Using Changeset Descriptions as a Data Source to Assist Feature Location
Muslim Chochlov, Michael English, Jim Buckley
TL;DR
This paper introduces ACIR, a feature-location technique that leverages changeset descriptions from version control as the lexical basis for annotating software artifacts. By partitioning code into artifacts (file or method level) and aggregating relevant changeset texts (most recent or all), ACIR builds an IR corpus indexed with Lucene under a Vector Space Model. An empirical study on Rhino and Mylyn.Tasks assesses efficiency, granularity effects, and changeset-range influence using reenactment of change requests and standard IR metrics (MAP, MRR, effectiveness). Findings show ACIR is competitive with existing text-based FLTs, with method-level granularity reducing developer effort up to 64% and changeset-range impact depending on the project’s history.

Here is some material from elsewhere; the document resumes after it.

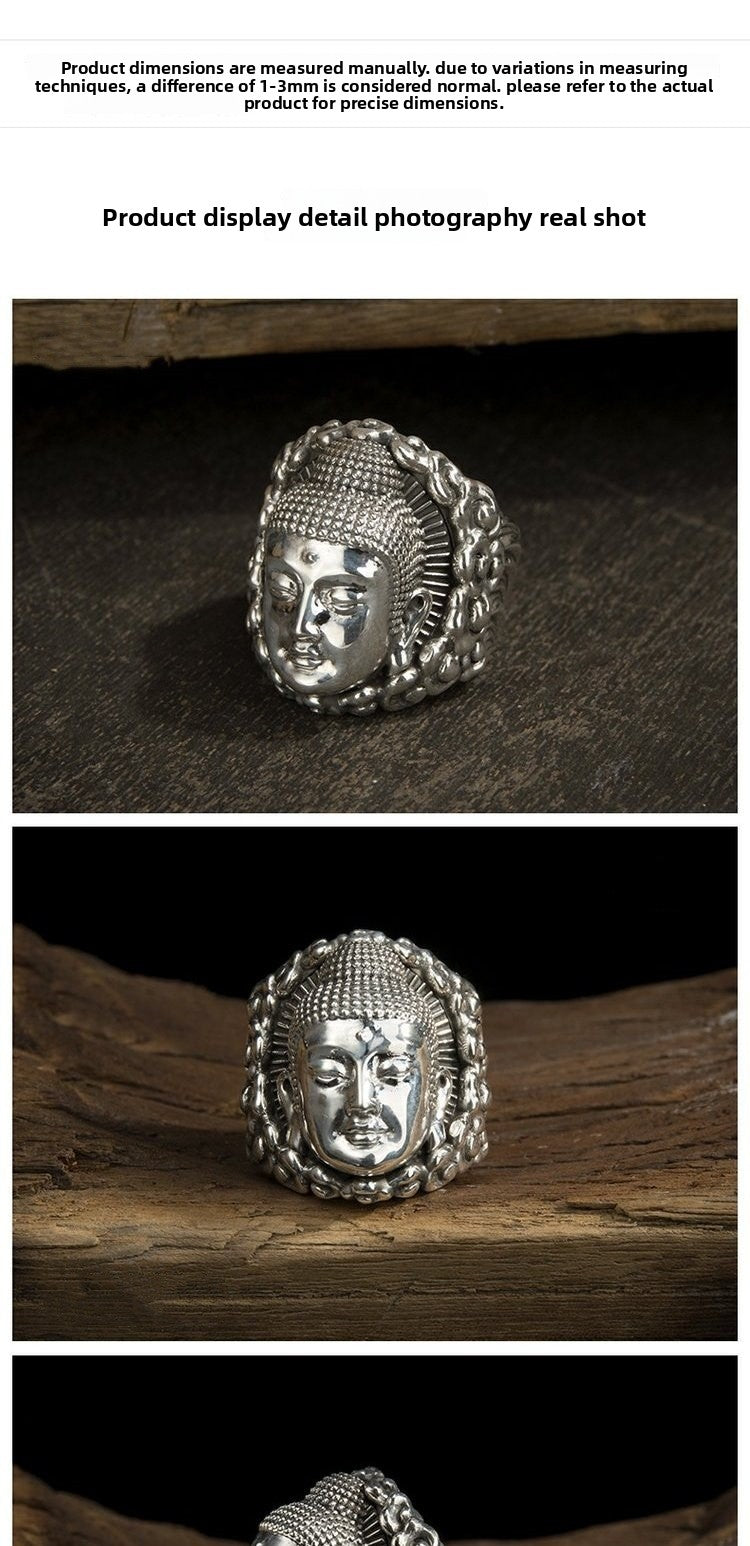 zensoullab Ethnic Style Thai Silver Amitabha Buddha Ring Vintage Great Sun Tathagata Buddha Head Personality Ring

The work highlights the potential of changeset descriptions as a viable data source for FLT and outlines directions for scaling, evolution-aware selection, and integration with other FL approaches.
Abstract
Feature location attempts to assist developers in discovering functionality in source code. Many textual feature location techniques utilize information retrieval and rely on comments and identifiers of source code to describe software entities. An interesting alternative would be to employ the changeset descriptions of the code altered in that changeset as a data source to describe such software entities. To investigate this we implement a technique utilizing changeset descriptions and conduct an empirical study to observe this technique's overall performance. Moreover, we study how the granularity (i.e. file or method level of software entities) and changeset range inclusion (i.e. most recent or all historical changesets) affect such an approach. The results of a preliminary study with Rhino and Mylyn.Tasks systems suggest that the approach could lead to a potentially efficient feature location technique. They also suggest that it is advantageous in terms of the effort to configure the technique at method level granularity and that older changesets from older systems may reduce the effectiveness of the technique.